O garoto coça a cabeça. A curiosidade insatisfeita:
– Pai, dá para saber quando uma pessoa é hipócrita?
– Dá, sim. Mas não é fácil. Eu mesmo demorei muito para aprender.
– Então me ensina, pai. Quero saber quem é hipócrita.
– No momento certo, filho. Ainda é cedo para você aprender essas coisas. Volte a estudar. E fique tranquilo. Quando você crescer, eu estarei aqui, pronto para lhe ensinar tudo o que aprendi.

Wilson Gorj




Fígaro!

Ignorava que a amante era casada com um barbeiro.

Por ironia do destino, um dia foi barbear-se, justamente, no salão do marido traído.
O destino não é só irónico. Às vezes, é também cruel.

A par de tudo, o barbeiro lavou a honra com sua melhor navalha.


Wilson Gorj in «Sem Contos Longos»







Enquadrado


Havia um bloqueio militar na estrada. A polícia estava à procura dos assaltantes de um banco, do qual há poucas horas roubaram uma pequena fortuna. Policiais armados paravam motoristas, revistavam automóveis.

Numa dessas revistas, encontraram alguns pacotinhos de maconha no porta-luva de um fusca meia-oito. Flagrado e enquadrado como traficante, o jovem motorista foi condenado a dez anos de prisão.


Tivesse roubado um banco, teria amargado apenas cinco.


Wilson Gorj










Papado

Chegou à chefia do Seminário. Mesmo assim, ainda não se contentava. Seu desejo era alcançar o posto máximo da Igreja. Imaginava-se no Vaticano, acenando para as nações.

Caminhava na rua, absorto nesta visão, quando um caminhão desordenado encurtou-lhe os planos.

Virou papa.


Wilson Gorj (ilustração: "Cruz y Tierra, de Tàpies)







Voltou à hora do almoço. Cruzou a porta da cozinha e foi direto ao fogão vasculhar as panelas.

Constatou desapontado que a comida estava fria. Pudera, já eram quase duas da tarde... Que esquentasse, então. Do armário apanhou o fósforo (como sempre escondido prudentemente atrás da lata de açúcar). “Isto na mão de criança é um perigo.”

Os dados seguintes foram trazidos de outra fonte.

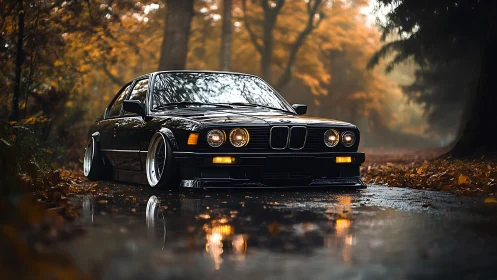 Lowered black BMW coupe parked on wet autumn forest road.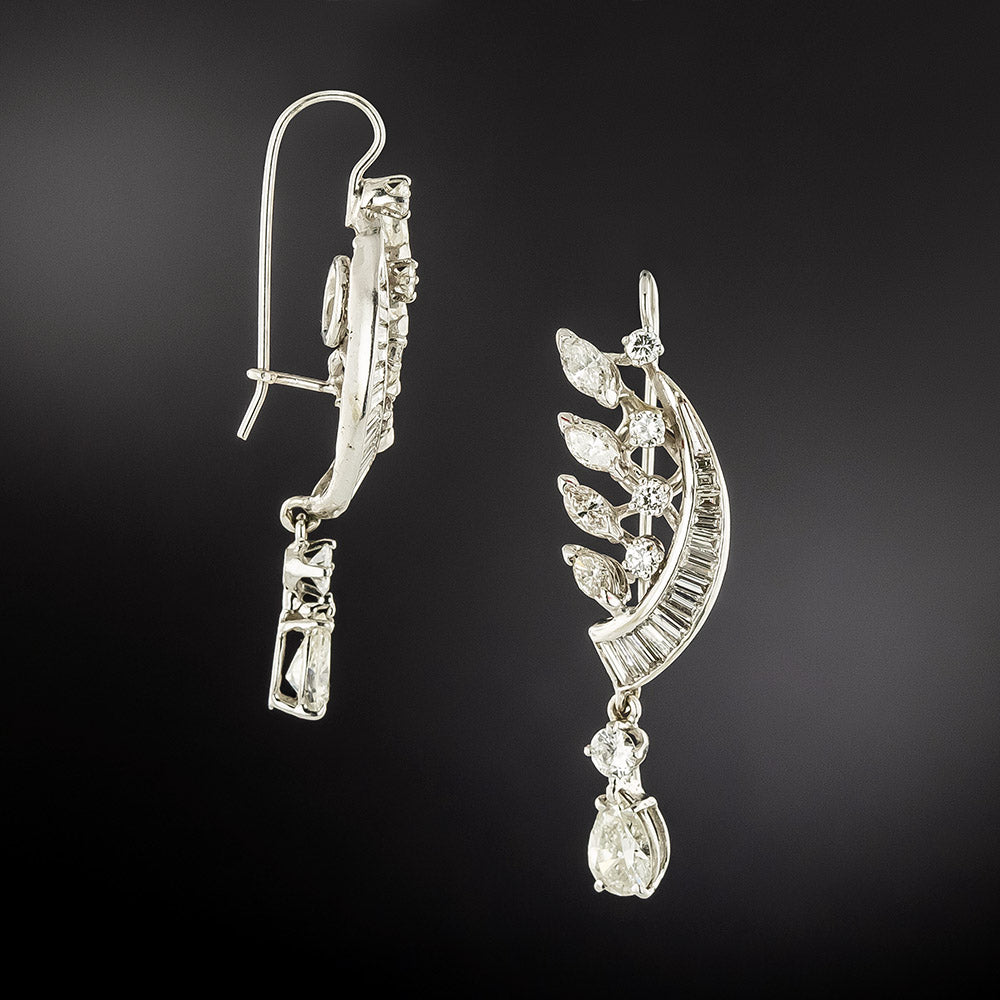 Estate Multi-Shape Diamond Dangle Earrings - 3
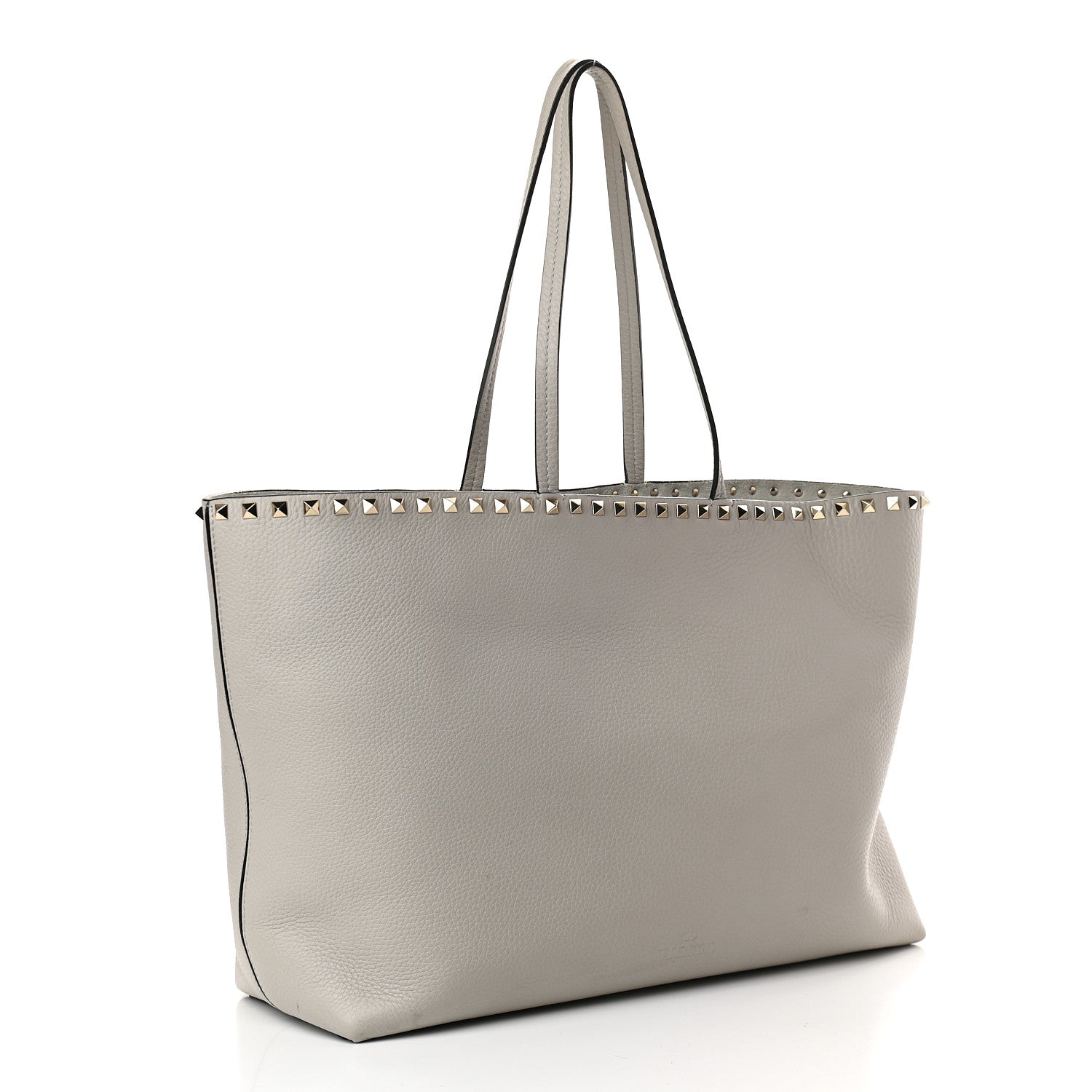 Valentino Garavani Grained Calfskin Rockstud Shoulder Tote Pastel Grey 2 of 7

A requentar o almoço, sentou-se na velha cadeira e, depois de acender um cigarro, pegou a garrafa térmica, com a qual encheu um copo de café.

Levou-o à boca. Nem bem sorveu, cuspiu o café frio.
– Quantas vezes falei pra fechar bem esta garrafa?!

Imóvel no limiar da cozinha, a esposa não sabia o que responder. Estava tão perplexa quanto o filho de doze anos que a agarrava pela cintura, olhando aquele homem com um misto de temor e curiosidade.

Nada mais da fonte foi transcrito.